_WHAT YOU NEED TO DO_: From the listing below, set down exactly the lines between the one holding "Le peloton ce vendredi. Le" and the one holding "TBD Fenley Flat", inclusive. No other line is wanted.

== RECORD SET

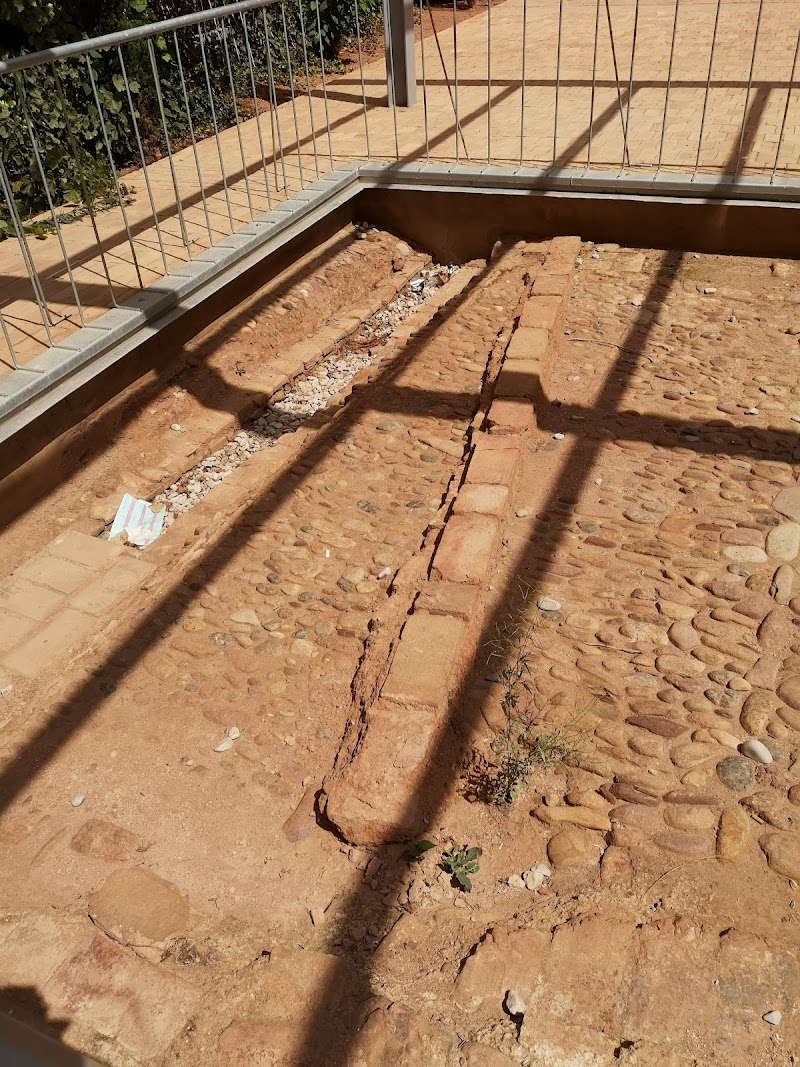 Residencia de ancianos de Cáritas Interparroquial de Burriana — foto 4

====
== RECORD SET

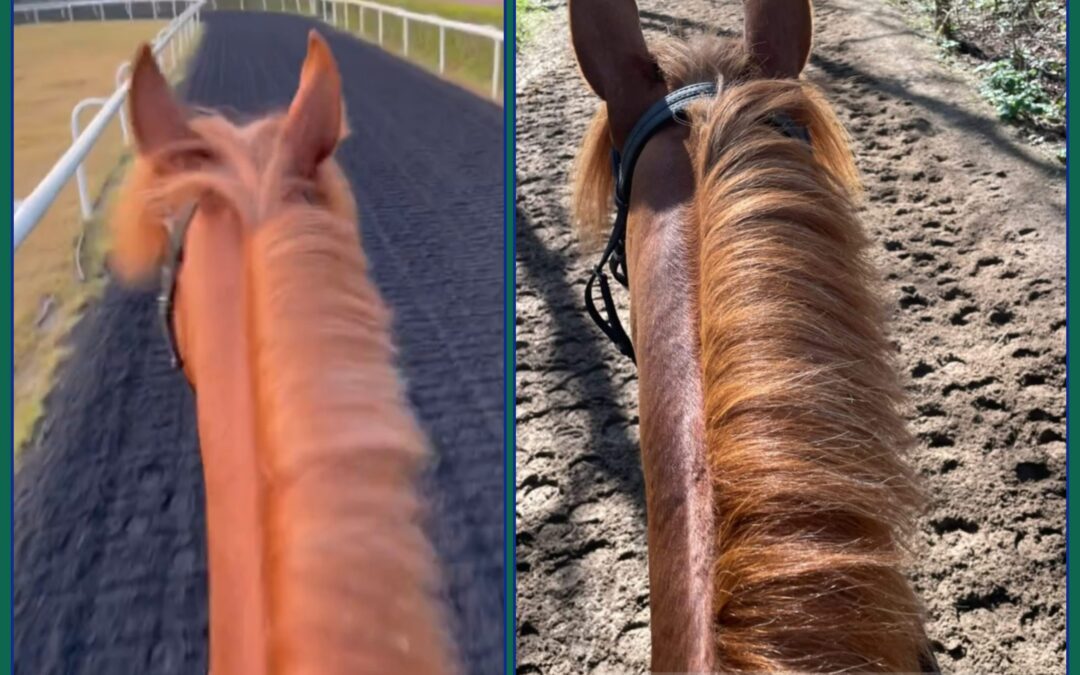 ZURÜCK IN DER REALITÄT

====
== RECORD SET

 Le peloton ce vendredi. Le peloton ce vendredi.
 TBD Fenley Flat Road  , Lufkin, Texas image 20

====

_SOLUTION TO THIS PROBLEM_:
 Le peloton ce vendredi. Le peloton ce vendredi.
 TBD Fenley Flat Road  , Lufkin, Texas image 20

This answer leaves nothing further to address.